Problem details: Give back exactly the line containing "烤鱿鱼-葡萄集|滋味新疆菜·精酿酒馆(瑞豪酒店)" and all that follow it in the data below, with the pictures left out.

Image-caption web data:
--*--

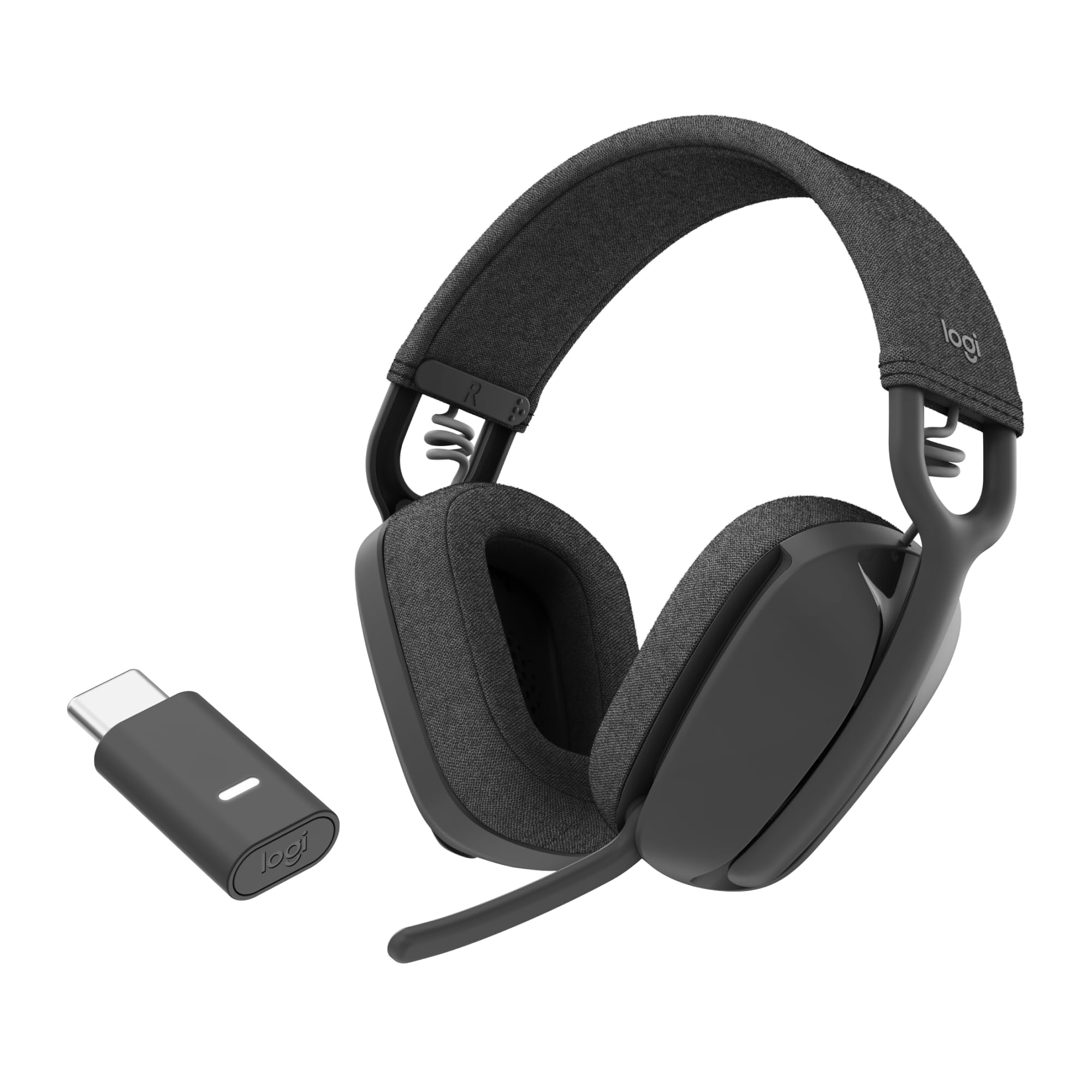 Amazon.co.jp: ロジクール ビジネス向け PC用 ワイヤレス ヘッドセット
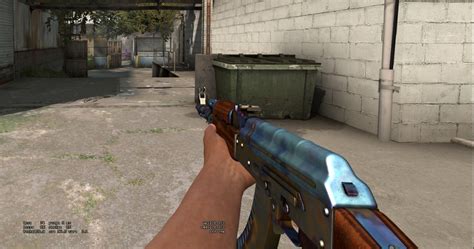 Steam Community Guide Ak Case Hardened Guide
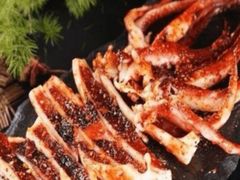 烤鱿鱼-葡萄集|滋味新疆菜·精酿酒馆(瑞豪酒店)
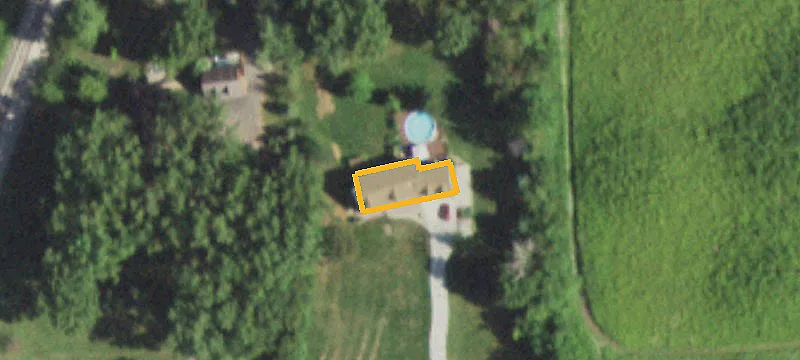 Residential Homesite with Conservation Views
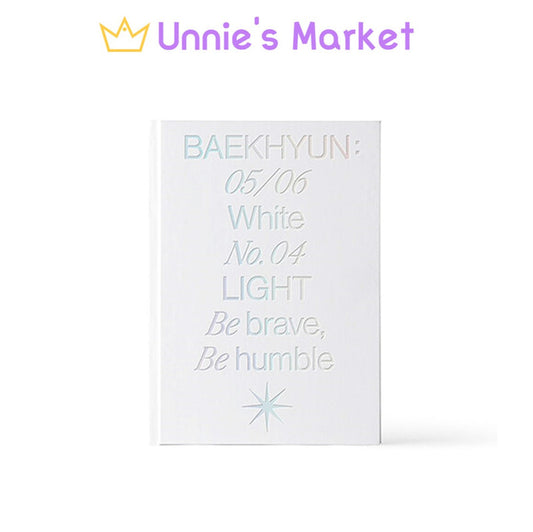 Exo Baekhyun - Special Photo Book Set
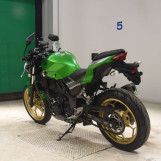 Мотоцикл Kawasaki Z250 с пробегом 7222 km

--*--

Result:
 烤鱿鱼-葡萄集|滋味新疆菜·精酿酒馆(瑞豪酒店)
 Residential Homesite with Conservation Views
 Exo Baekhyun - Special Photo Book Set
 Мотоцикл Kawasaki Z250 с пробегом 7222 km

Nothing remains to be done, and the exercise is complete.